Short descriptive text snippets:
-------------------------
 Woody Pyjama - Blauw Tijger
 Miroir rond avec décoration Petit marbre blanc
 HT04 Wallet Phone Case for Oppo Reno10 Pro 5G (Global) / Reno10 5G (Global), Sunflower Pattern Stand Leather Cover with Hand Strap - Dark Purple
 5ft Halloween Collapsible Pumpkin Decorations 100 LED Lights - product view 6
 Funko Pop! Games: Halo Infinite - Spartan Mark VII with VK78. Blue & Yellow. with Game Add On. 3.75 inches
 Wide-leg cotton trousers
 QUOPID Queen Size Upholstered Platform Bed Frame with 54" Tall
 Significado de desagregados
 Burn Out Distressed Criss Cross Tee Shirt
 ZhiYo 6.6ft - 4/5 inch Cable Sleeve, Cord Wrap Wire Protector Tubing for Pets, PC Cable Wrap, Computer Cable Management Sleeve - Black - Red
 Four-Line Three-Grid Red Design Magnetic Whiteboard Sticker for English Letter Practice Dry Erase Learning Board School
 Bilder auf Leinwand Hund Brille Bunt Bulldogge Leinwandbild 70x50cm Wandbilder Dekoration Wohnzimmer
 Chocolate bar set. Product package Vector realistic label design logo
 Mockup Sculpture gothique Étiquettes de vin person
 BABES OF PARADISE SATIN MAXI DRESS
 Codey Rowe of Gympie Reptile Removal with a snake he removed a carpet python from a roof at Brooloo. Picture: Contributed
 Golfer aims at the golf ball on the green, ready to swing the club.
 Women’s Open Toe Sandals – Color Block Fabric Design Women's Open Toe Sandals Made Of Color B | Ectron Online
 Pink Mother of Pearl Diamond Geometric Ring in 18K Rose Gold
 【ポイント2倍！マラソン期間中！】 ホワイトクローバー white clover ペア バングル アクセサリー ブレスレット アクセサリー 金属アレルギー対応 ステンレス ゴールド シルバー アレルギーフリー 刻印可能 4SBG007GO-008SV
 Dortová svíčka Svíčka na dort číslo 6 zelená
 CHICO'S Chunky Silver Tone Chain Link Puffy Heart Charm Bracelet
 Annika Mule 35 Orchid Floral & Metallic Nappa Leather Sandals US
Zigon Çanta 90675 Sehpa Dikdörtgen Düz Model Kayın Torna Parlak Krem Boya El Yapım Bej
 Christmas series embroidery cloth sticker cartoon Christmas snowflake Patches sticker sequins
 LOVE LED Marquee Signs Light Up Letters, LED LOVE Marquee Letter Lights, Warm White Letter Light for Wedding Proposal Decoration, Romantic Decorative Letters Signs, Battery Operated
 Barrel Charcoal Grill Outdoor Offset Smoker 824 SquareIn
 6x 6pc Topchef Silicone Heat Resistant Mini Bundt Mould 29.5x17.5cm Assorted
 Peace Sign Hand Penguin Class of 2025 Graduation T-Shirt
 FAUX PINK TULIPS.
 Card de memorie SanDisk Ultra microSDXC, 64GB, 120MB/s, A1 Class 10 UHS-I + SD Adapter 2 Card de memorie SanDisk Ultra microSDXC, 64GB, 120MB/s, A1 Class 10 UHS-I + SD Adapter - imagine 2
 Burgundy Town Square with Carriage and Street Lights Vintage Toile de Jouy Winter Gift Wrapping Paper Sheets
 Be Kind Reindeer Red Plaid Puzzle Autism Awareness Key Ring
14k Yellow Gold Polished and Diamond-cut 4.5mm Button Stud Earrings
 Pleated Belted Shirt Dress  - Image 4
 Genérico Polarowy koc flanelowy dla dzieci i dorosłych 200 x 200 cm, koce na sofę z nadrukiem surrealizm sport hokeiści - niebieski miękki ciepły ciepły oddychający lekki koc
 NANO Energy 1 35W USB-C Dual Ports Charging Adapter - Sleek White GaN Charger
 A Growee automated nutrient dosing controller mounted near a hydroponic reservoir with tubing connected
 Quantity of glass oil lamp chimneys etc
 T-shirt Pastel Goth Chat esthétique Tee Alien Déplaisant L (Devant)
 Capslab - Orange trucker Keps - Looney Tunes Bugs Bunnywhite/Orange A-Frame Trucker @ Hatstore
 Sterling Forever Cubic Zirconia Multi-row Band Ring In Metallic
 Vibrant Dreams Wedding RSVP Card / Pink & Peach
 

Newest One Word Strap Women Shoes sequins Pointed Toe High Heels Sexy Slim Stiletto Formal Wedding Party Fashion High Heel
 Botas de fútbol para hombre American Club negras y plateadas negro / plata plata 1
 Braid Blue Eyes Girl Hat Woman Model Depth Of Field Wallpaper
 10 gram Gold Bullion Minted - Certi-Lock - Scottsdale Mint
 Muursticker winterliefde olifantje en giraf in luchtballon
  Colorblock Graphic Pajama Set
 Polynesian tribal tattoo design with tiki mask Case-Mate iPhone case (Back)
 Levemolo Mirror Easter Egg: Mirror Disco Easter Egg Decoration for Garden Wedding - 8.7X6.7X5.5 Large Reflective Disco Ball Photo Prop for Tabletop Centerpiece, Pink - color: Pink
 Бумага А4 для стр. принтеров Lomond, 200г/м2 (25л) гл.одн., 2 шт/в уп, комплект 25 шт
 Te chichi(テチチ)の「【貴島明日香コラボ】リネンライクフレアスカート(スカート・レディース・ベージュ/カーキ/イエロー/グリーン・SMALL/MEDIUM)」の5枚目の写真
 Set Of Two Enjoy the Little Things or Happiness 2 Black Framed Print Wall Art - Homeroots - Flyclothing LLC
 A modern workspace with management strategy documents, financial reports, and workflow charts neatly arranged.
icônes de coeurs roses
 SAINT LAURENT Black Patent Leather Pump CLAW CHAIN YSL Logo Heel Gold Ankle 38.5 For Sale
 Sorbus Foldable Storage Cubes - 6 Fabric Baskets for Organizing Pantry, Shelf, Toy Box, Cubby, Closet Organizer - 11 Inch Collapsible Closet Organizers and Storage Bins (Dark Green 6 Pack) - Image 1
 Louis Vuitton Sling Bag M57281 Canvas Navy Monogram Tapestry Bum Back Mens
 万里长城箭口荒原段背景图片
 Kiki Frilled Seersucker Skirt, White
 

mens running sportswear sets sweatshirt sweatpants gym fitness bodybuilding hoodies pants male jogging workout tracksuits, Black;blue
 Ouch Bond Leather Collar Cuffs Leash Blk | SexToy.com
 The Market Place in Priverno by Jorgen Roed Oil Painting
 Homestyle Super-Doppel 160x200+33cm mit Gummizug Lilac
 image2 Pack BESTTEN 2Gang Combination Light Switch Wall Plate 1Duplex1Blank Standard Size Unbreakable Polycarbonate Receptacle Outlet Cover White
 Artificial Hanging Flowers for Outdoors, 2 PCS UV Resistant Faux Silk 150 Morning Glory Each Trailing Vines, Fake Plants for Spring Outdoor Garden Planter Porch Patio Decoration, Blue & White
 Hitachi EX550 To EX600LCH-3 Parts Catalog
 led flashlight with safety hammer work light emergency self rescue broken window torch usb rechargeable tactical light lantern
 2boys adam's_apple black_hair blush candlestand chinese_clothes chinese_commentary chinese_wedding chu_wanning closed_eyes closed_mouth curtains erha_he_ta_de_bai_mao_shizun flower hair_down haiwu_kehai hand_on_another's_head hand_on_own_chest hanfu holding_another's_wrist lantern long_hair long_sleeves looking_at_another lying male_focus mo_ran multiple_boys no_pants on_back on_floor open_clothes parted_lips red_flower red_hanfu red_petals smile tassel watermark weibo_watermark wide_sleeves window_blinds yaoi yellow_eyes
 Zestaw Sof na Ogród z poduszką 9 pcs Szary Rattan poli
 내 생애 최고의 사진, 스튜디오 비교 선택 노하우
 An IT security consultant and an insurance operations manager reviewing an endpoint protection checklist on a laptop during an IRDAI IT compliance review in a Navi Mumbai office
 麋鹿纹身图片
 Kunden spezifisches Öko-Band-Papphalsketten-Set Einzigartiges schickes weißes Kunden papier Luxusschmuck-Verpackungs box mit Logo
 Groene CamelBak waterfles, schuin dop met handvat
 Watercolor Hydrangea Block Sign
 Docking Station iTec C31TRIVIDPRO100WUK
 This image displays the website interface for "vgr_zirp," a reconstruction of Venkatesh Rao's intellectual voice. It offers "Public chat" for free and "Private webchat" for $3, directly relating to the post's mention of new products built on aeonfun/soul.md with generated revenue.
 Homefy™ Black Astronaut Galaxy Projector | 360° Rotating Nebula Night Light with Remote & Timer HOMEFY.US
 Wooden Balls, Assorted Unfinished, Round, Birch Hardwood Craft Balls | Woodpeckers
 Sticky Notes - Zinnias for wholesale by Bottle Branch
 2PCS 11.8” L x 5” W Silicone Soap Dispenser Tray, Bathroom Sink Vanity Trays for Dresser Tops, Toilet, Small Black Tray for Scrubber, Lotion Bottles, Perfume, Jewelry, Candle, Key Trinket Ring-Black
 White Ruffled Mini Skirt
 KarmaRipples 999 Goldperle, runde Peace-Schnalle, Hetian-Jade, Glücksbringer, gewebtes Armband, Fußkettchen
-------------------------
(AIM OF THE EXERCISE) Print again the lines of the entries above that fall between the line holding "Te chichi(テチチ)" and the line holding "Set Of Two Enjoy", inclusive, exactly as they stand.

(COMPLETED TASK)
 Te chichi(テチチ)の「【貴島明日香コラボ】リネンライクフレアスカート(スカート・レディース・ベージュ/カーキ/イエロー/グリーン・SMALL/MEDIUM)」の5枚目の写真
 Set Of Two Enjoy the Little Things or Happiness 2 Black Framed Print Wall Art - Homeroots - Flyclothing LLC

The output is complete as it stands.